The Sardine has an affection for and affinity with the aphorism (see Sardine Episode #2). It offers the beginning of a thought in the guise of being the final word on a matter. He’s been collecting aphoristic books, capped by The Viking Book of Aphorisms, edited by W. H. Auden, for many years. If he has a favorite aphorist, it’s Friedrich Nietzsche, perhaps because it was my introduction to the truncated form.
God-Fearing Public: He’s the monster who declared that God is dead.
We should check in with the German philosopher to be sure.
Nietzsche: The insane man jumped into their midst and transfixed them with his glances. ‘Where is God gone?’ he called out. ‘I mean to tell you! We have killed him, you and I! We are all his murderers!’
G-F P: We knew it. It’s painful to listen to him.
I think the more important part of the message is that you, the believers, killed him.
G-F P: Ridiculous.
He brings it up in a later part of the book.
Nietzsche: The most important of more recent events – that ‘God is dead’, that the belief in the Christian God has become unworthy of belief – already begins to cast its first shadows over Europe.
G-F P: It’s a sad day if it was true.
On the contrary.
Nietzsche: In fact, we philosophers and ‘free spirits’ feel ourselves irradiated as by a new dawn by the report that the ‘old God is dead’; our hearts overflow with gratitude, astonishment, presentiment and expectation.
Maybe we started with too heavy a concept.
G-F P: Didn’t he go insane.
Attack the man, not the idea.
G-F P: Wasn’t it a madman who declared God dead?
He wasn’t the first to say it.
“Plagiarist.”
He wrote the most inspired version of the idea, as well as having realized the profound effect it would have on people's moral assumptions. Maybe he hoped you wouldn’t realize it.
Logged-In Public: Why’d he write it?
He wasn’t trying to convince people of this fact. Besides, his reading public was very small. His idea could’ve ended up like the other utterances of the same truth.
G-F P: Wasn’t Hitler inspired by him?
No. You might be thinking of Thomas Mann or Jean-Paul Sartre being influenced.
“Who are they?” asked Joe T.
“I studied them in college,” says McNulty.
“Didn’t he create the Superman comic book?”
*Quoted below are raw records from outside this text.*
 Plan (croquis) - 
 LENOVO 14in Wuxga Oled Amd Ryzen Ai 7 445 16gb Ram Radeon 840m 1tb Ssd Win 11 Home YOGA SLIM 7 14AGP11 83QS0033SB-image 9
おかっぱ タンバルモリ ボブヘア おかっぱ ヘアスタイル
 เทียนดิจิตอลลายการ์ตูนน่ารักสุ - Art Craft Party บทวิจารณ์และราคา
The term is ubermensch. Meaning ‘Overman.’
Nietzsche: “Man is something that shall be overcome. Man is a rope, tied between beast and overman — a rope over an abyss. What is great in man is that he is a bridge and not an end.”
L-I P: He’s an elitist.
Just like the Sardine.
What’s wrong with having a superior human being as a model? Nietzsche was interested in creating new values based human beings, not spirits in the sky.
Nietzsche: Not the intensity but duration of high feelings makes high men.
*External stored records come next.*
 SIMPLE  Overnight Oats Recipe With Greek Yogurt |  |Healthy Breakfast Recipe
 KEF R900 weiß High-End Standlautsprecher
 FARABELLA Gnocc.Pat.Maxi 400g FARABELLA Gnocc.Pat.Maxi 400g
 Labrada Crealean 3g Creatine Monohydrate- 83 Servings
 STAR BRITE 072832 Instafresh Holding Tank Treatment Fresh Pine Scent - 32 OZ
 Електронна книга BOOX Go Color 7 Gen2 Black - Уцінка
That German sang the praises of Caesar Borgia. Jeez, what am I, chopped liver?
He was saying that Borgia is looked at as a monster, a way for the moralists to discredit him.
“I think the Pope wants his due from Nietzsche,” says McNulty.
Nietzsche: Those who feel predestined to see and not to believe will find all believers too noisy and obtrusive: they fend them off.
[And not be offended.] comes a post from the Sardine’s Pun Pal.
I fit that description.
You shouldn’t exaggerate what you are.
Nietzsche: The familiarity of those who are superior embitters because it may not be returned….
I’ll show you mugs!
[Nietzsche quotes came from The Gay Science, translated by Walter Kaufmann, Vintage Books, New York & Thus Spoke Zarathustra, translated by R. J. Hollingdale, Penguin Books, Baltimore Maryland.]